§ Directions for this task: After locating the line with "VERTREX Dashcam voor" in the entries below, output it and each following line up to and including the line with "60 inch Double Bathroom Vanity in Blue", exactly and without pictures.

§ Input records:
***
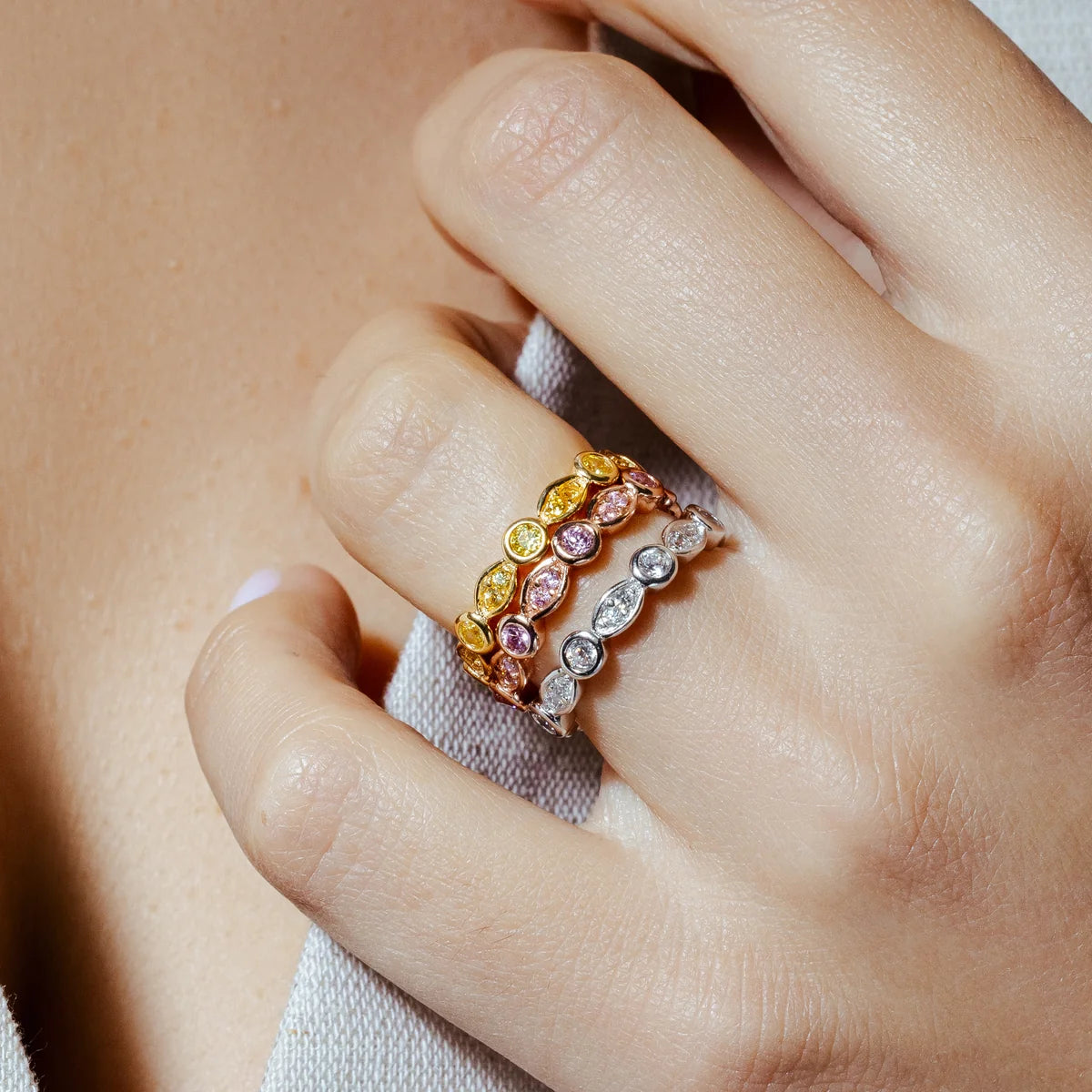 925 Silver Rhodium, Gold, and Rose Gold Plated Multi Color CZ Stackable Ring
***
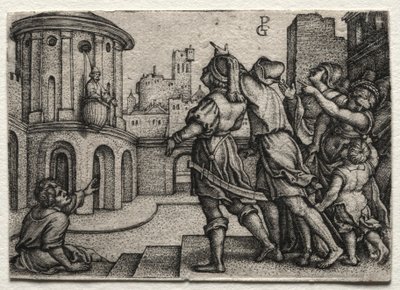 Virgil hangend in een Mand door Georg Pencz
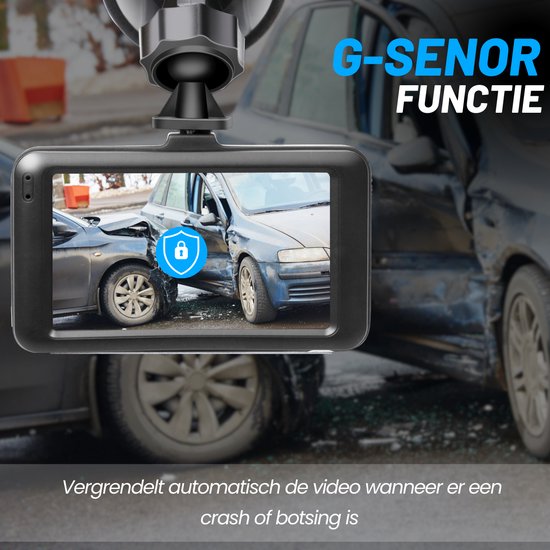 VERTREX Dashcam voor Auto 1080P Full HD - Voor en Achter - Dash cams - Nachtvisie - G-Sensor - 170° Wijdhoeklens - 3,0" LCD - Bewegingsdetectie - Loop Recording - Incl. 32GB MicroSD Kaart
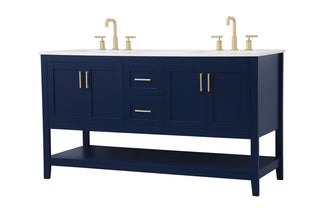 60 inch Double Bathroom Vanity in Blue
***
§ Response to the exercise:
 VERTREX Dashcam voor Auto 1080P Full HD - Voor en Achter - Dash cams - Nachtvisie - G-Sensor - 170° Wijdhoeklens - 3,0" LCD - Bewegingsdetectie - Loop Recording - Incl. 32GB MicroSD Kaart
 60 inch Double Bathroom Vanity in Blue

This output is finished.